Toni Bambara, writer and activist
*Toni Cade Bambara was born on this date in 1939. She was an African-American writer, civil-rights activist, and teacher who wrote about the concerns of the African American community.
Raised by her mother in Harlem, Bedford-Stuyvesant, and Queens, N.Y., Bambara (a last name she adopted in 1970) was educated at Queens College (B.A., 1959). In 1961, she went to Italy and in France, studying acting and mime. She received an M.A. in 1964 from City College of the City University of New York. In the 1970s, she was active in both the Black liberation and the women’s movements. Bambara’s fiction, which is set in the rural South, as well as the urban North, is written in black street dialect and presents sharply drawn characters whom she portrayed with affection.

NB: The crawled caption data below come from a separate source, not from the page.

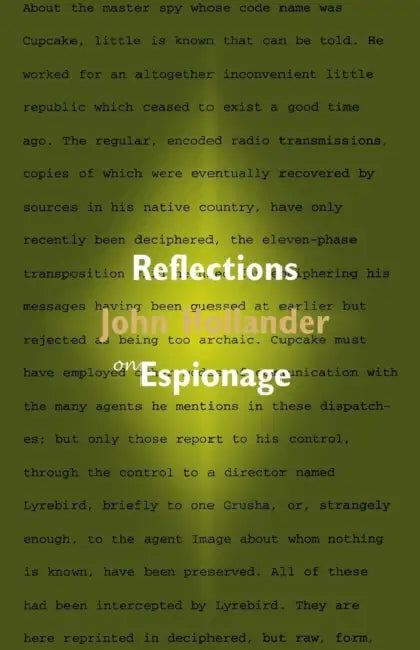 Reflections on Espionage: The Question of Cupcake by John Hollander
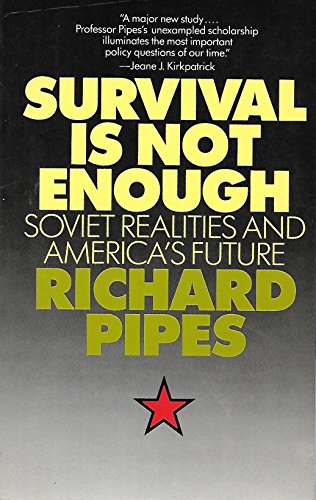 Imagen de archivo de Survival Is Not Enough Soviet Realities and Americas Future a la venta por Wonder Book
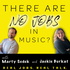 There Are No Jobs In Music?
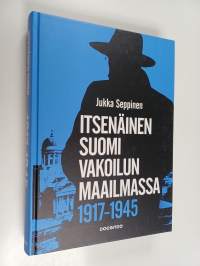 Itsenäinen Suomi vakoilun maailmassa 1917-1945 : tiedustelu on valtiollisen päätöksenteon salaista tukitoimintaa (ERINOMAINEN)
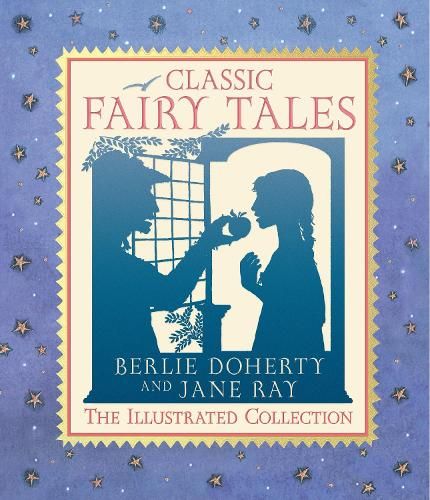 Classic Fairy Tales: The Illustrated Collection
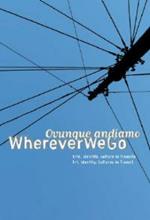 Ovunque andiamo. Arte, identità, culture in transito-Wherever we go. Art, identity, cultures in transit. Catalogo della mostra. Ediz. bilingue. Vol. 14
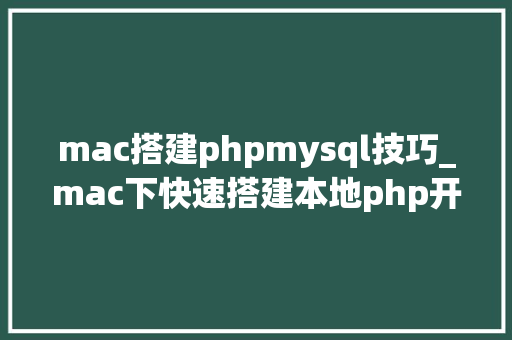 mac搭建phpmysql技巧_mac下快速搭建本地php开拓情形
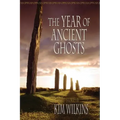 The Year of Ancient Ghosts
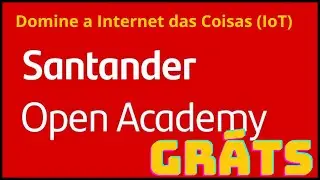 🚀 Domine a Internet das Coisas (IoT) com o Curso Gratuito do Santander e MIT!🌐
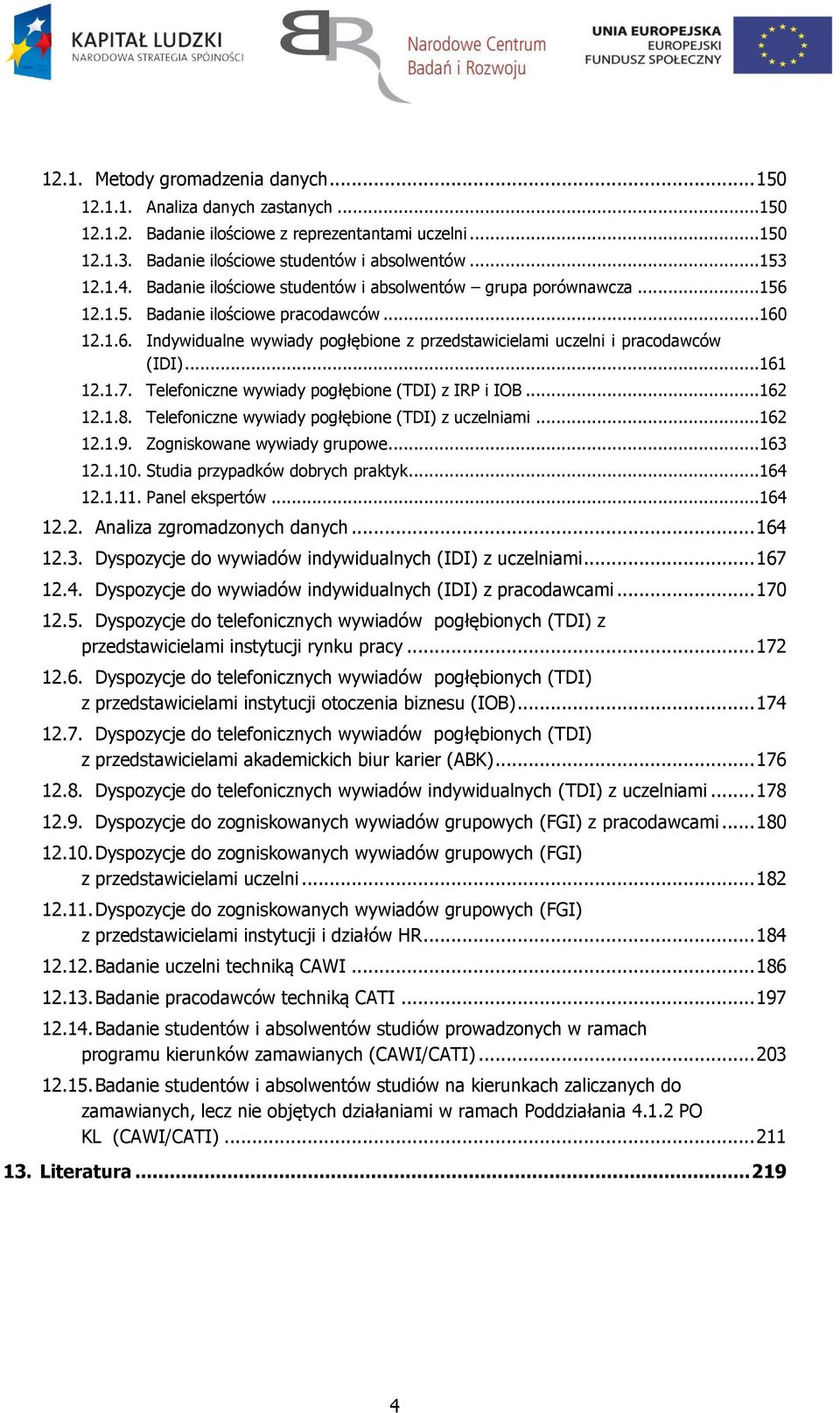 ..161 12.1.7. Telefoniczne wywiady pogłębione (TDI) z IRP i IOB...162 12.1.8. Telefoniczne wywiady pogłębione (TDI) z uczelniami...162 12.1.9. Zogniskowane wywiady grupowe...163 12.1.10.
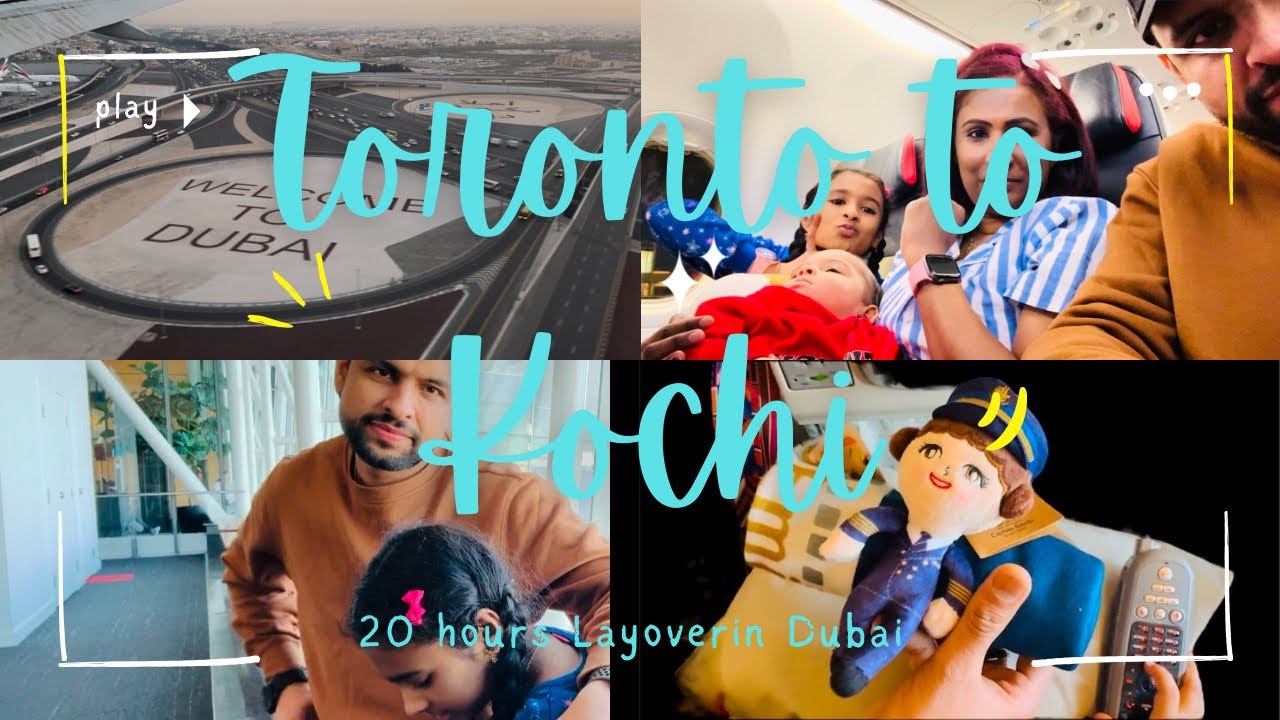 Toronto to Kochi after 3 years!! With 20 hours Layover in Dubai🇦🇪✨ ||Emirates Dubai Connect|| Part-I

She published the short-story collections Gorilla, My Love (1972), The Sea Birds Are Still Alive (1977), as well as the novels The Salt Eaters (1980) and If Blessing Comes (1987). She edited and contributed to The Black Woman: An Anthology (1970) and to Tales and Stories for Black Folks (1971). She also collaborated on several television documentaries. She was a frequent lecturer and teacher at universities and a political activist who worked to raise Black American consciousness and pride.
Toni Bambara died December 9, 1995 in Philadelphia, Pennsylvania.